Options for Data Analysis: Tools & Tips
Analysing citizen science data does not have to be different than analysing other types of data. In the previous step, "How to understand and interpret data", we discussed ways that help you gain a clear understanding of your dataset. Here we will provide some tips and suggested tools to help you analyse your data. Offering data visualisations and data analysis tools can help to maintain citizen motivation and interest in the project, while also providing powerful information also for researchers or policymakers. First thing in data analysis is allowing the data to be downloaded and analyzed by the users themselves. Like in the previous step, you can make your data available in several formats: CSV, XLS, KML, or even in more structured ways like the Sensor Observation Service (SOS) or an Application Programming Interface (API). These will help make data available, shareable and interoperable with other data sources.
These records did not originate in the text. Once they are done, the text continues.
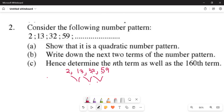So, 59 minus 32 is 27. Then 32 minus 13 is 19. Then 13 minus 2 is 11. These are the first differences: 27, 19, 11.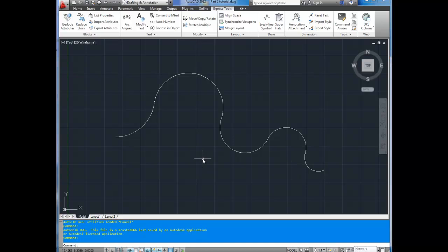We've now created a drawing, saved it, closed it, and now you can open a drawing as well. That's it for this part.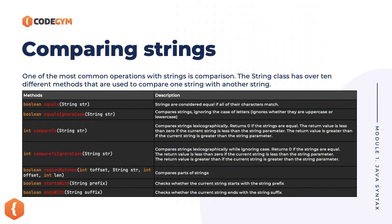Comparing strings, we've already seen equals and equals ignore case are what you're going to be using mostly.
WeObserve is looking at ways to share citizen science data with a Community of Practice focused on Interoperability (the ability of computer systems or software to exchange and use information). We can see a example of this in the Ground Truth 2.0 project, where a map browser was created which offers data from the six different observatories in the project from the same access point. In this case, protocols and rules to standardise the data from the Open Geospatial Consortium (OGC) were used to enable interoperability.
Sometimes it is not easy to get a clear picture of the information, and additional analysis is needed so researchers or policy makers can make concrete conclusions and present their findings. In these cases, it helps to ask experts or researchers in the field to make recommendations on the best way to process and present the data. Simple and easy to interpret graphs or maps are always a good option.
Still, using data analysis approaches on citizen science platforms can be challenging because it may require manual or assisted interpretation that doesn’t happen automatically. This might mean that you need to check your data in order to ensure quality control and find inaccurate values or possible outliers. Such wrong values should be removed before analysing, like you would do with any other kind of data. This quality control will also help to avoid or detect a possible systematic deviation in the monitoring process.
In the last step, we discussed the visualisation of data and how sometimes maps are used to represent the location of the observations. There are many examples out there, for example, the Natusfera platform, or the GroundTruth 2.0 map.
One of the first things you can do when starting data analysis is to use complementary information. For example, you could show the collected observations on a map or combine the data with additional measurements from other sources that can help to explain the distribution or trends of your data. In the image below, for example, you can see observations from the RitmeNatura Citizen Observatory. This shows the seasonal changes of vegetation species in combination with a land use map of the area, which helps in illustrating the kind of environment where those species live. This additional information can help users to find trends in data collected and give a broader information to the single observations.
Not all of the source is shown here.